“The Lake Apopka survivors are claiming justice, and their plight, long-time forgotten, is beginning to resonate across international borders.”—Chela Vazquez, Campaign Coordinator, Pesticide Action Network North America “Slongwhite’s modern tragedy reflects the increasing power of the Big Food corporations’ influence in D.C.—and why something this unimaginable, passing from one generation to the next—can take place. Testimony like this belongs in the Federal Register.”—Theo Colborn, president, TEDX (The Endocrine Disruption Exchange) “Poignant, gut-wrenching, and real, this book should be required reading for everyone who eats.”—Barry Estabrook, author of How Modern Industrial Agriculture Destroyed Our Most Alluring Fruit “Presents compelling and heart-wrenching stories about profound social and environmental injustices. Yet these are also stories about strength, survival, and the victory of the human spirit.”—Joan Flocks, director, Social Policy Division at the Center for Governmental Responsibility, Levin College of Law, University of Florida One farmworker tells of the soil that would “bite” him, but that was the chemicals burning his skin. Other laborers developed blindness, lupus, asthma, diabetes, kidney failure, or suffered myriad symptoms with no clear diagnosis. Some miscarried or had children with genetic defects while others developed cancer.

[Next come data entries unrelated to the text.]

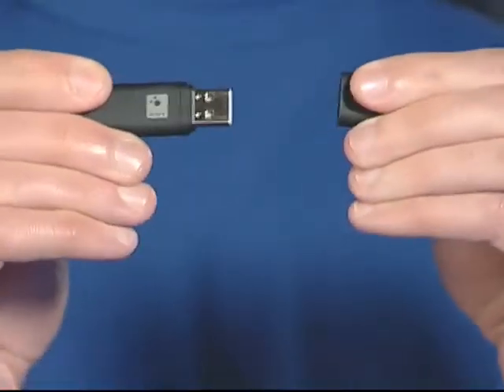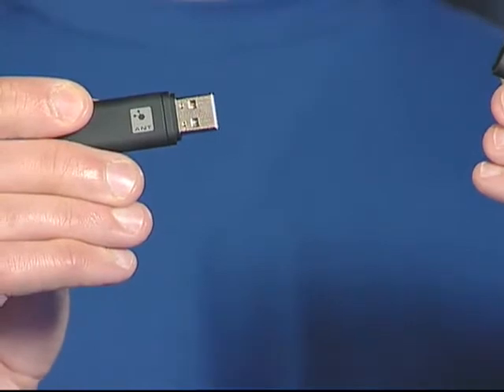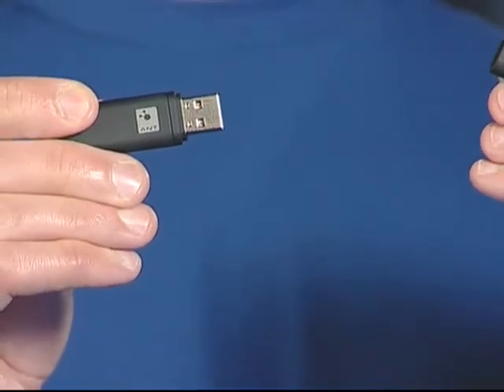Analyzing your run data is no sweat with the Forerunner 405. It automatically transfers your data as soon as you get within about 10 feet of your computer. It works through ANT+ Sport wireless technology, using the tiny USB ANT stick that comes with Forerunner.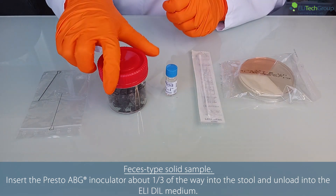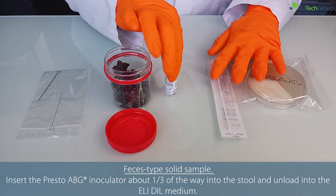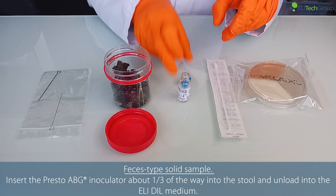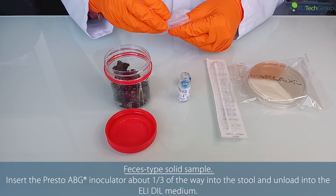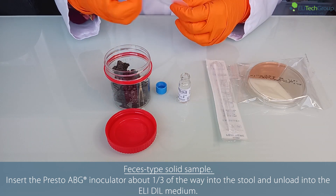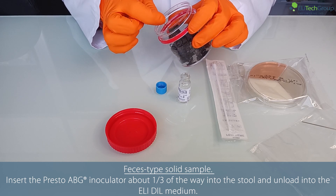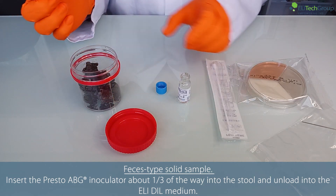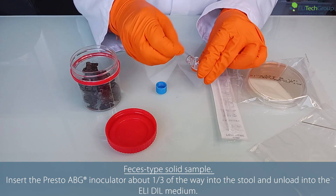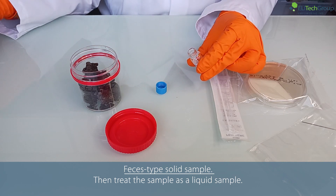For feces type solid sample, insert the Presto ABG inoculator about one third of the way into the stool and unload into the elidyl medium. Then treat the sample as a liquid sample.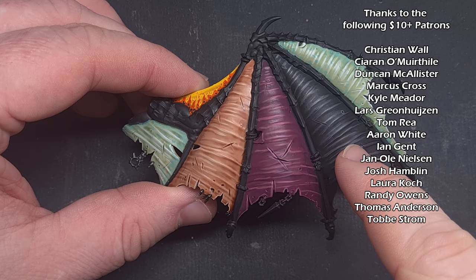And there you have it — really simple wing membranes. They look fantastic on a range of models such as Daemon Princes, Tyranids, Belakor, even Mortarion himself. I really hope you enjoyed this video — check out my other content, and I will see you next time.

In Fed Up , Dale Slongwhite collects the nearly inconceivable and chilling oral histories of African American farmworkers whose lives, and those of their families, were forever altered by one of the most disturbing pesticide exposure incidents in United States’ history. For decades, the farms around Lake Apopka, Florida’s third largest lake, were sprayed with chemicals ranging from the now-banned DDT to toxaphene. Among the most productive farmlands in America, the fields were repeatedly covered with organochlorine pesticides, also known as persistent organic pollutants. The once-clear waters of the lake turned pea green from decades of pesticide-related run-off. Research proved that birds, alligators, and fish were all harmed. And still the farmworkers planted, harvested, packed, and shipped produce all over the country, enduring scorching sun, snakes, rats, injuries, substandard housing, and low wages. All the while, endocrine-disruptor chemicals were dropped over their heads by crop dusters as they labored in the poison-saturated fields. Eventually, state and federal dollars were allocated to buy out and close farms to attempt land restoration, water clean up, and wildlife protection. But the farmworkers became statistics—nameless casualties history almost forgot. Here are their stories, told in their own words.
Great first person stories talking about the human cost of field work around the Lake Apopka area. Also shows some of the racism of the area in the early 1960s and the lack of concern for the workers by field owners.
An incredibly important and moving book. If you are in any way interested in environmental justice, ecoanthropology, or the history of Florida or American food systems, please read Fed Up.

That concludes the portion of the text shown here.